**THE INPUT:**
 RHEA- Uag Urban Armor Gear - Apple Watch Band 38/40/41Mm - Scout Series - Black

---

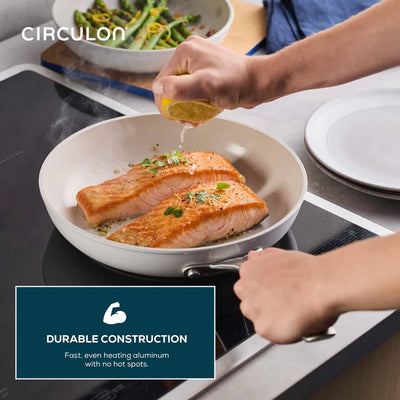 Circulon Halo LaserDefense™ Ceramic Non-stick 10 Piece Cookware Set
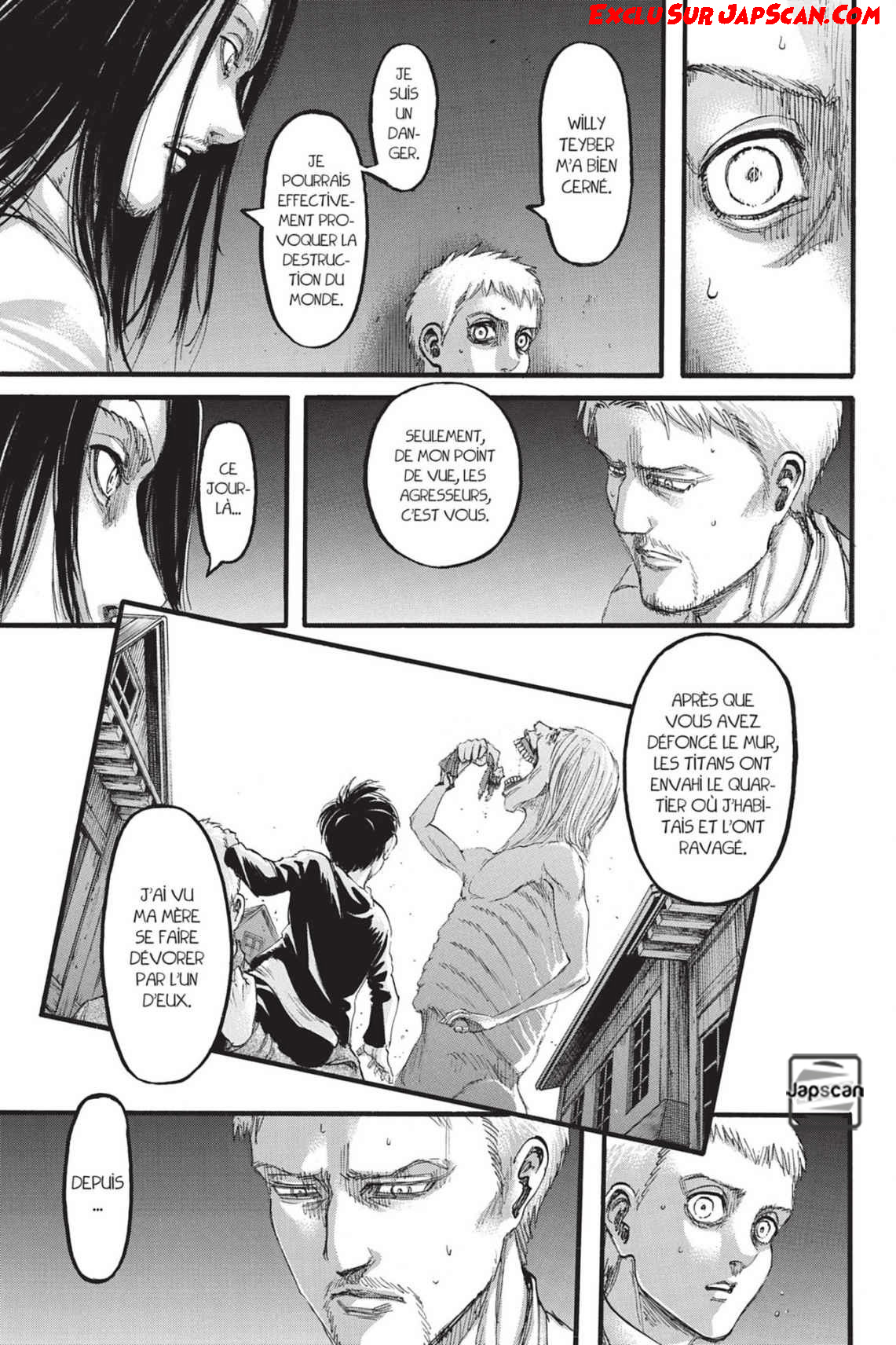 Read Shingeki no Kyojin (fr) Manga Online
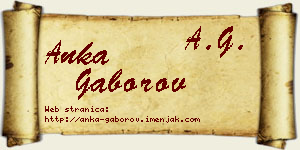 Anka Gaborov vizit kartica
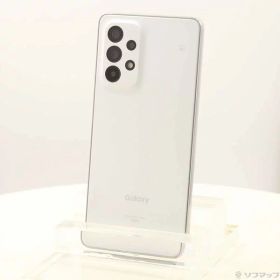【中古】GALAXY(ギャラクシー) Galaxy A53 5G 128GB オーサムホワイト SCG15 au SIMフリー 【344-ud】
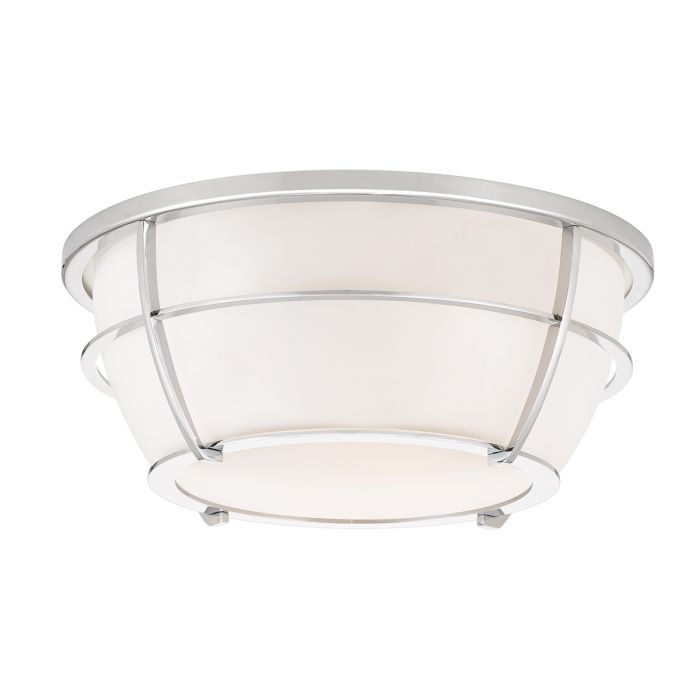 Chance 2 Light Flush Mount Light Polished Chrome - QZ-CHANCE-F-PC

**WHAT YOU SHOULD DO:** Copy the entries above exactly, but only the stretch from the line containing "au SIMフリー 【344-ud】" through the line containing "Chance 2 Light". Keep both end lines; drop the pictures.

**EXERCISE OUTPUT:**
【中古】GALAXY(ギャラクシー) Galaxy A53 5G 128GB オーサムホワイト SCG15 au SIMフリー 【344-ud】
 Chance 2 Light Flush Mount Light Polished Chrome - QZ-CHANCE-F-PC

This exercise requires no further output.